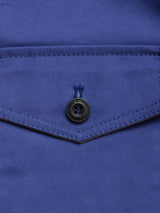 Close-up of the BGcanopy Jacket - Navy Peony by Blue de Gênes, featuring a workwear-style pocket with a flap and black button. The visible stitching along the edges of the pocket and buttonhole highlights the fine details and textured heavy cotton fabric.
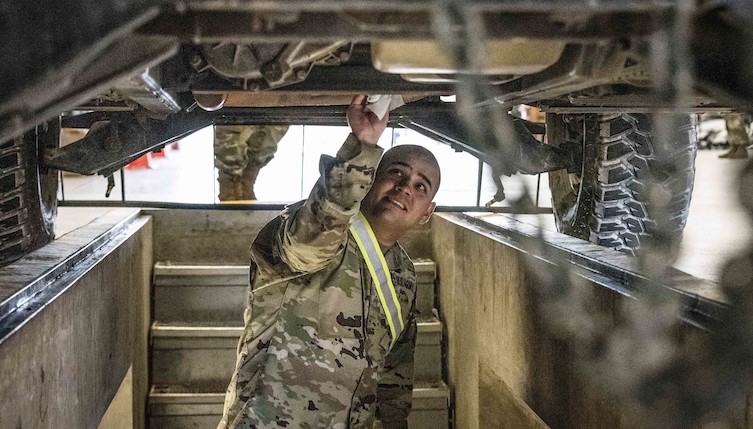 Sgt. Andrew T. Foster inspects a humvee during movement preparation area operations on Fort Sill, Okla., March 10, 2020. Sgt. Foster inspected underneath vehicles during the second station of MPA ops.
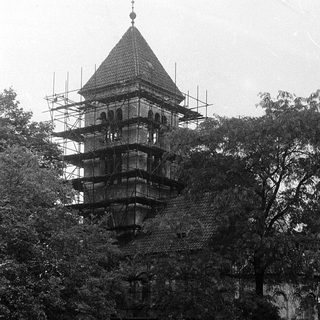 Historic stone tower under restoration with scaffolding.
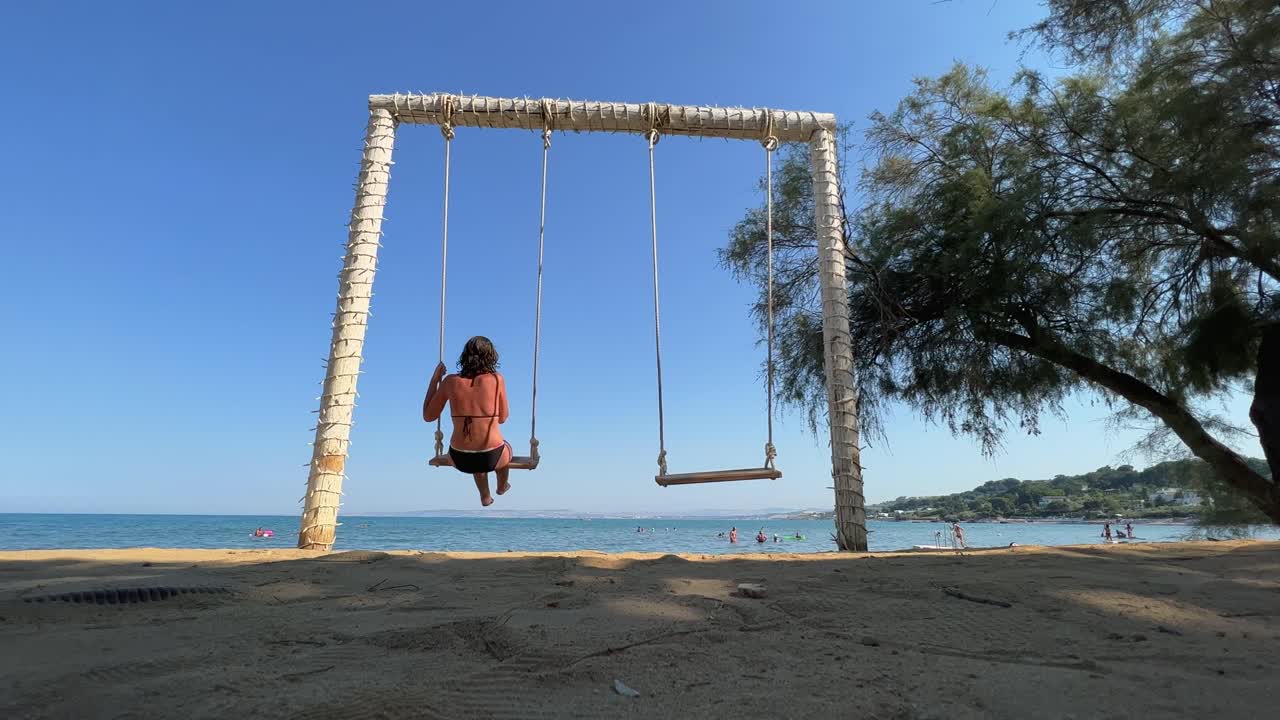 vista trasera de ángulo bajo de una mujer adulta en vacaciones de verano disfruta columpiándose en un columpio de cuerda mirando el mar en calma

※

*TASK OBJECTIVE:* Each line from the one containing "Sgt. Andrew T." to the final line of the data must be printed exactly, both included, with nothing else and no pictures.

*EXERCISE RESULT:*
 Sgt. Andrew T. Foster inspects a humvee during movement preparation area operations on Fort Sill, Okla., March 10, 2020. Sgt. Foster inspected underneath vehicles during the second station of MPA ops.
 Historic stone tower under restoration with scaffolding.
 vista trasera de ángulo bajo de una mujer adulta en vacaciones de verano disfruta columpiándose en un columpio de cuerda mirando el mar en calma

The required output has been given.